Grüne beantragen ausserordentliche Sitzung des Rates (Update)

Die Grüne Ratsfraktion in Langerwehe hat im Rahmen einer Anfrage zum Haushalt 2010 erfahren, dass für die Jahre 2010 bis 2012 wohl zusätzliche Aufwendungen in Höhe von 8 Millionen Euro zu erwarten sind. Hinzu kommt ein kürzliches Interview mit dem Bürgermeister, in dem dieser offen ein Haushaltssicherungskonzept thematisiert hat.

Da unser Gemeindehaushalt im Jahr 2009 von ca. 22 Millionen Euro Einnahmen ausging (bei ca. 24 Millionen Euro Aufwendungen), ist nach Einschätzung der Grünen Ratsfraktion davon auszugehen, dass demnächst das Haushaltssicherungskonzept droht.

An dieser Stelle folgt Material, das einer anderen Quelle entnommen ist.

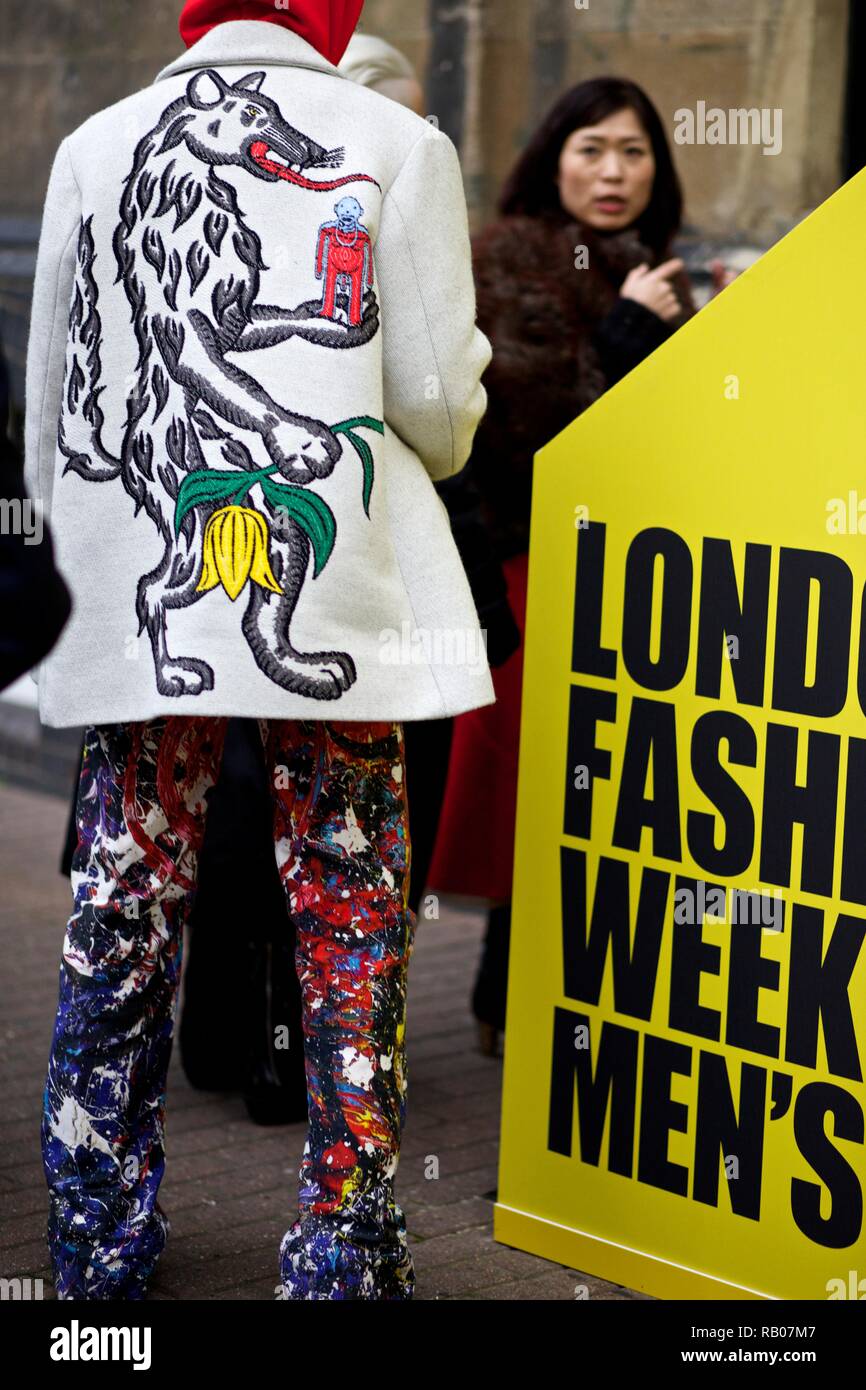 London, Großbritannien. 5. Jan 2019. London Fashion Week der Männer. Straße Style-London Fashion Week Männer AW 19, 5. Jan 2019-UK Credit: sherion mullings/Alamy leben Nachrichten Stockfoto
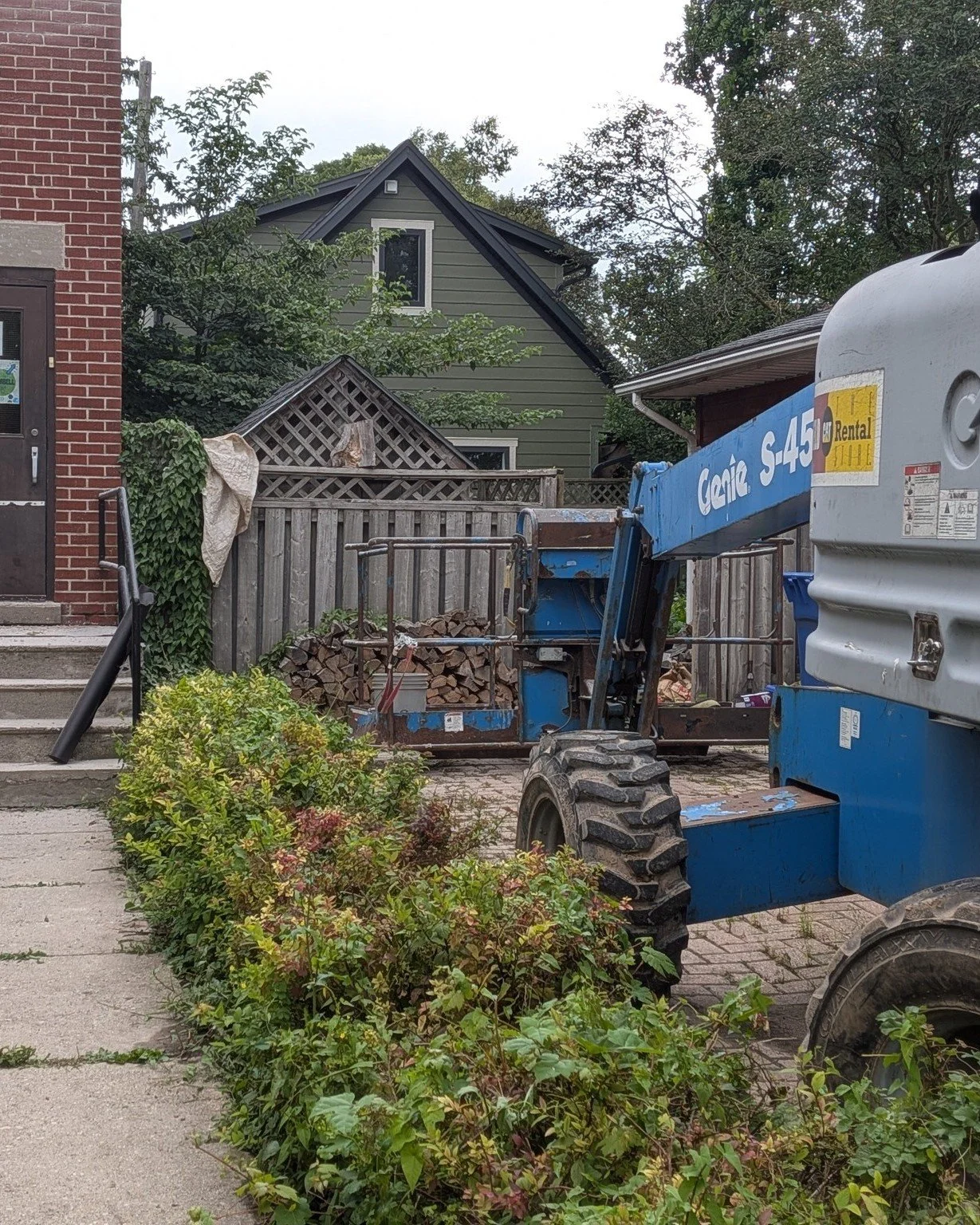 Sometimes it takes big machines to get a job done, like this masonry facelift. We're thankful for friendly neighbours for letting the contractor set up in their driveway. :)

#goodneighbours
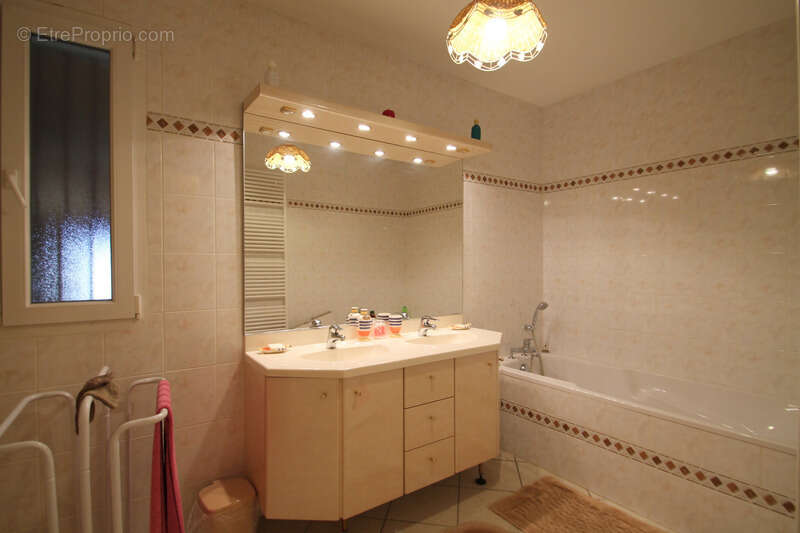 Maison à SAINT-PARDOUX-DU-BREUIL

Vor diesem Hintergrund sind wir der Meinung, dass dringend und umgehend eine Ratssitzung stattfinden muss, in welcher der aktuelle Stand mitgeteilt wird. Aus diesem Grund haben wir heute, unter Berufung auf unser Recht aus §47 der Gemeindeordnung, beantragt eine Sondersitzung des Gemeinderates einzuberufen.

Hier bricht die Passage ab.